What kind of life do I want to lead? Who am I? Who do I want to be?
First, there is always the shock of transitioning to a new kind of life, and this one was particularly shocking. So, I took some time to recover from the deep wounds and kind of allowed myself to flow in the tide of Chicago summer. I was ruled by moments of sunlight splashing my face and cool breezes on evening bike rides. Now, as the heat peaks, the whisper of summer's end is blowing gently through the moist treetops and reminding me to face reality.
Now what is reality, exactly? Is it any job at any cost? Is it just making money or finding something official to do with my time? I think it is more like learning to care for oneself fully. Practicing the art of being in the world. Managing the balance of your own expectations, beliefs, desires.
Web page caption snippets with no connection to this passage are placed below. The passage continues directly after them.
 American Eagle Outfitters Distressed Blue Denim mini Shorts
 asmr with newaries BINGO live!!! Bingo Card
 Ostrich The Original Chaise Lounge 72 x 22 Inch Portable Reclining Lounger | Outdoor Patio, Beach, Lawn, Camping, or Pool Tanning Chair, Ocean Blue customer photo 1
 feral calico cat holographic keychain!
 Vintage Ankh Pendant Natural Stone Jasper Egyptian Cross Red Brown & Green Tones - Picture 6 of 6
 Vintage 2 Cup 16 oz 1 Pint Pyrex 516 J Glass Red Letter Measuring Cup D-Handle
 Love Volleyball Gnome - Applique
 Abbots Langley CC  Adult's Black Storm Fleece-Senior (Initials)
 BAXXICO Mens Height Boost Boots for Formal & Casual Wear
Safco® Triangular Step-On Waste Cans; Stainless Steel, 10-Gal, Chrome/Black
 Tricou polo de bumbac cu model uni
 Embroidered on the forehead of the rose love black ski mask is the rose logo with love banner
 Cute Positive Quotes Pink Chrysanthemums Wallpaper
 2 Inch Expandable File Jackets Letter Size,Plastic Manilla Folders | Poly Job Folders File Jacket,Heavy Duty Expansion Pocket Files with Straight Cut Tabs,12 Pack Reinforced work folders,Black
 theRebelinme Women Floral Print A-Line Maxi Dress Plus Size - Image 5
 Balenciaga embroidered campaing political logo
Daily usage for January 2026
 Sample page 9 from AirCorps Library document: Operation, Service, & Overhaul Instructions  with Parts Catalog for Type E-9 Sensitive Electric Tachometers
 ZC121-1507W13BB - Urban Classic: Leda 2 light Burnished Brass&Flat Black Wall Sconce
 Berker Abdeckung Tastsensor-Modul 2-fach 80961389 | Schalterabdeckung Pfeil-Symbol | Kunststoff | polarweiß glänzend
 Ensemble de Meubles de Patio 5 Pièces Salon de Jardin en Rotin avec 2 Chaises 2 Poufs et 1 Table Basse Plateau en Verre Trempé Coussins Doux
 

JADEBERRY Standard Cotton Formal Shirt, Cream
I am in the process of opening my mind to something new and learning - through trial and error - where exactly I belong. So, I attempted to get an office job through a temp agency to try out this world that so many of my peers are immersed in. I mean, they all seem to stick with their jobs, so it can't be that bad, right? Wrong. The moment I found myself under the sterile glow of fluorescent bulbs and shivering from the endlessly wasteful icy air conditioning, I knew I could not subject myself to this fishbowl of terror. The more I listened to my co-workers, the more I read between the tortured lines:
How are you today, honey?
Well, I'm getting better now that it's close to 5!
Heh, yep, I hear you girl.
I cannot count the number of times I heard, in just one week, a variation on this theme. Then why stay? Why are you doing this to yourself? Never subject yourself to consistent unhappiness if there is any other way. Break free. Take risks. Life is nothing more than an endless challenge to grow or die. Never choose death. Choose life.
So, I told them a horrible excuse, and then I quit. And the wheel of fortune spins on and on.